The following table lists all scrapers currently configured in the system:

Scraper Base URL Storage Folder Description
IOPScraper https://iopscience.iop.org {main_folder}/iopscience IOP Science journal articles and issues
MDPIScraper https://www.mdpi.com {main_folder}/mdpi MDPI journals including Remote Sensing, Geosciences, Atmosphere
SpringerScraper https://link.springer.com {main_folder}/springer Springer journals, books, and search results
AMSScraper https://journals.ametsoc.org {main_folder}/ams American Meteorological Society publications
CopernicusScraper Multiple Copernicus journals {main_folder}/copernicus 16+ Copernicus open-access journals
CopernicusCatalogueScraper https://www.copernicus.eu/ {main_folder}/copernicus Copernicus services catalogue
SeosScraper https://seos-project.eu {main_folder}/seos SEOS project educational materials
NCBIScraper https://www.ncbi.nlm.nih.gov {main_folder}/ncbi NCBI PubMed Central articles
CambridgeUniversityPressScraper https://www.cambridge.org {main_folder}/cambridge_university_press Cambridge University Press journals
OxfordAcademicScraper https://academic.oup.com {main_folder}/oxford_academic Oxford Academic journals
IEEEScraper https://ieeexplore.ieee.org {main_folder}/ieee IEEE Xplore open access articles
TaylorAndFrancisScraper https://www.tandfonline.com {main_folder}/taylor_and_francis Taylor & Francis journals
FrontiersScraper https://www.frontiersin.org/ {main_folder}/frontiers Frontiers in Remote Sensing
SageScraper https://journals.sagepub.com {main_folder}/sage SAGE Publications journals
EOGEScraper https://eoge.ut.ac.ir {main_folder}/eoge Earth Observations and Geomatics Engineering journal
ArxivScraper https://arxiv.org {main_folder}/arxiv arXiv preprints
WileyScraper Multiple Wiley domains {main_folder}/wiley Wiley journals (AGU, EOS, etc.)
EOSScraper https://eos.org/ {main_folder}/eos EOS Science News archives
ESAScraper Multiple ESA domains {main_folder}/esa ESA Earth Online, EO Portal, Sentiwiki
ElsevierScraper https://www.sciencedirect.com {main_folder}/elsevier ScienceDirect open access journals
NASAScraper Multiple NASA domains {main_folder}/nasa NASA EarthData, NTRS, EOS Portal
OpenNightLightsScraper https://worldbank.github.io/OpenNightLights/ {main_folder}/open_night_lights_scraper World Bank Open Night Lights documentation
WikipediaScraper https://en.wikipedia.org/ {main_folder}/wikipedia Wikipedia EO-related categories
MITScraper https://ocw.mit.edu/ {main_folder}/mit MIT OpenCourseWare
JAXAScraper https://earth.jaxa.jp/en/eo-knowledge {main_folder}/jaxa JAXA Earth Observation knowledge base
UKMetOfficeScraper https://library.metoffice.gov.uk {main_folder}/uk_met_office UK Met Office library
EOAScraper https://www.eoa.org.au/ {main_folder}/eoa Earth Observation Australia textbooks
ISPRSScraper https://www.isprs.org/ {main_folder}/isprs ISPRS publication archives
EUMETSATScraper Multiple EUMETSAT domains {main_folder}/eumetsat EUMETSAT documentation and case studies
EarthDataScienceScraper https://www.earthdatascience.org/ {main_folder}/earth_data_science Earth Data Science tutorials
DirectLinksScraper Various {main_folder}/miscellaneous Direct PDF links from multiple sources
IntechOpenScraper https://www.intechopen.com/ {main_folder}/intech_open IntechOpen books and chapters

Base Scraper Architecture

The scraping system is built on a set of abstract base classes that provide common functionality. Understanding these base classes is essential for extending or modifying the scraping behavior.

Base Class Descriptions

BaseScraper: The root abstract class that all scrapers inherit from. Provides core functionality including Selenium WebDriver management, cookie handling, S3 storage integration, database repository access, and analytics tracking. Every scraper implements the abstract scrape() method defined here.

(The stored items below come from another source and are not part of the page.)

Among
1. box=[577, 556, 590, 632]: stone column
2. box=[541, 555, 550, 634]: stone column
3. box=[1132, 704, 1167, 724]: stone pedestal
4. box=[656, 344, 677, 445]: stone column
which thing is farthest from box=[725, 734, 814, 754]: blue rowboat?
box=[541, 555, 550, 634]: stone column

BaseIterativePublisherScraper: Designed for publishers that organize content in a journal → volume → issue hierarchy. Iterates through volumes and issues systematically, with support for handling missing volumes/issues using consecutive threshold logic.

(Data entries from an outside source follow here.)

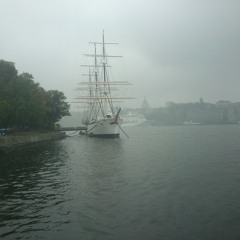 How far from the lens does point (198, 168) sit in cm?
3225

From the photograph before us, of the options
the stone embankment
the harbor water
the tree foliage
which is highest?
the tree foliage

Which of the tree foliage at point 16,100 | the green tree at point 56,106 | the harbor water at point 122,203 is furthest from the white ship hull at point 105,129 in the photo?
the harbor water at point 122,203

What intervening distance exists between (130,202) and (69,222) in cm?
444

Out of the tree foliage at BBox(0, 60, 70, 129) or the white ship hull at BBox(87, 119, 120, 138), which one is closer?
the tree foliage at BBox(0, 60, 70, 129)

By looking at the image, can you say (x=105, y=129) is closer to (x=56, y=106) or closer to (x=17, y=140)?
(x=56, y=106)

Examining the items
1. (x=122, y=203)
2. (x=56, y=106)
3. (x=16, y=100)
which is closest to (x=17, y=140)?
(x=16, y=100)

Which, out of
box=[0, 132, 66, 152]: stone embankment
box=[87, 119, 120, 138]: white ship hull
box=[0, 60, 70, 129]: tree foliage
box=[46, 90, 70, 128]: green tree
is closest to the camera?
box=[0, 132, 66, 152]: stone embankment

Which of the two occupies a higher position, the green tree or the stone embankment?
the green tree

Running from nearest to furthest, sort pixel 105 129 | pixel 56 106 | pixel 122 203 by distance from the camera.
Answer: pixel 122 203
pixel 105 129
pixel 56 106

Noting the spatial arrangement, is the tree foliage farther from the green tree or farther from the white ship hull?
the white ship hull

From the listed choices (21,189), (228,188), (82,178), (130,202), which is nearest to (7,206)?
(21,189)

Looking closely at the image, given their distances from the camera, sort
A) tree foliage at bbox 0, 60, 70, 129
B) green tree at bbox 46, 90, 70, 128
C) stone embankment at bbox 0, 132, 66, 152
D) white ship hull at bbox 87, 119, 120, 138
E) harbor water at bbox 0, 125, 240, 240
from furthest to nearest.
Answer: green tree at bbox 46, 90, 70, 128
white ship hull at bbox 87, 119, 120, 138
tree foliage at bbox 0, 60, 70, 129
stone embankment at bbox 0, 132, 66, 152
harbor water at bbox 0, 125, 240, 240

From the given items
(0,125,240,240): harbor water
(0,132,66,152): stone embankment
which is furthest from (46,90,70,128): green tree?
(0,125,240,240): harbor water

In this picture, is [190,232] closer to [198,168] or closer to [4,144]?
[198,168] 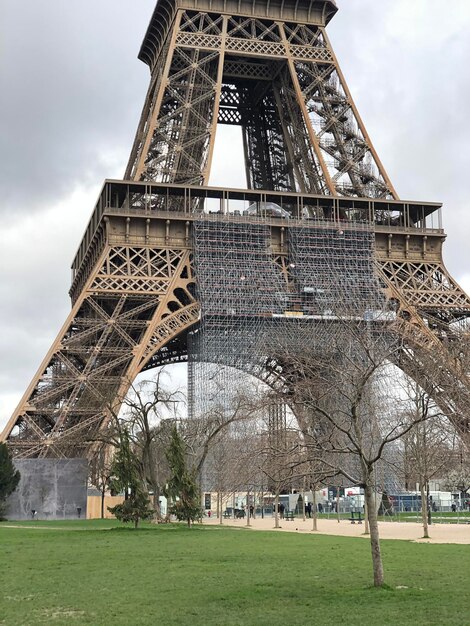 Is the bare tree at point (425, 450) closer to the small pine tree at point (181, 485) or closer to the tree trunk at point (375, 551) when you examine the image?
the small pine tree at point (181, 485)

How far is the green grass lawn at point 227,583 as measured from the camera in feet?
49.1

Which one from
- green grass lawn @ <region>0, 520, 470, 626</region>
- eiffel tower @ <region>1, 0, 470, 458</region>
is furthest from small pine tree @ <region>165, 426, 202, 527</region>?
green grass lawn @ <region>0, 520, 470, 626</region>

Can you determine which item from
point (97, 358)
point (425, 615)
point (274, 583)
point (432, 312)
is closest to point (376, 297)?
point (432, 312)

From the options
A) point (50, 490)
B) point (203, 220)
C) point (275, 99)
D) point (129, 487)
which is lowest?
point (129, 487)

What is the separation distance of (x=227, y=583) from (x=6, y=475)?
93.9 ft

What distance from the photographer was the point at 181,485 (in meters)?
41.4

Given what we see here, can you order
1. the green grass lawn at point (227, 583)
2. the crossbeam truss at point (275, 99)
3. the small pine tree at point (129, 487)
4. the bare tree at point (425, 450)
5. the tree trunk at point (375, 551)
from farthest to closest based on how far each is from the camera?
the crossbeam truss at point (275, 99) < the small pine tree at point (129, 487) < the bare tree at point (425, 450) < the tree trunk at point (375, 551) < the green grass lawn at point (227, 583)

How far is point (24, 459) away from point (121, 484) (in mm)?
8380

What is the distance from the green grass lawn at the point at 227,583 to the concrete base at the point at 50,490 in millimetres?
16304

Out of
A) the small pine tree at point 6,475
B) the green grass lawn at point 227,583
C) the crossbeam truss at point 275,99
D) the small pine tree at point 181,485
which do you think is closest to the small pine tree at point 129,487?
the small pine tree at point 181,485

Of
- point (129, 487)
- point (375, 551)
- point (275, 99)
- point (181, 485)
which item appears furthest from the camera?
point (275, 99)

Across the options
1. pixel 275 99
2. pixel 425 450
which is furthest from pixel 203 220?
pixel 425 450

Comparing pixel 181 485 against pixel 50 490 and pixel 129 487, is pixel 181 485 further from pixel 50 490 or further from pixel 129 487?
pixel 50 490

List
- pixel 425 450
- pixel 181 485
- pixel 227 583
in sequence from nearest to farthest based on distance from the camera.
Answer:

BasePaginationPublisherScraper: Handles publishers with paginated search results or article listings. Automatically navigates through pages until no more results are found, with configurable page sizes and maximum paper limits.

BaseUrlPublisherScraper: Used for publishers where content URLs follow predictable patterns. Processes lists of URLs and extracts content directly without complex navigation.

BaseMappedPublisherScraper: For publishers that require mapping between different URL structures or identifiers before scraping content. Provides a two-stage process: first mapping, then scraping.

BaseCrawlingScraper: Implements recursive web crawling from a starting URL. Follows links within the same domain and extracts content from all discovered pages. Useful for documentation sites and knowledge bases.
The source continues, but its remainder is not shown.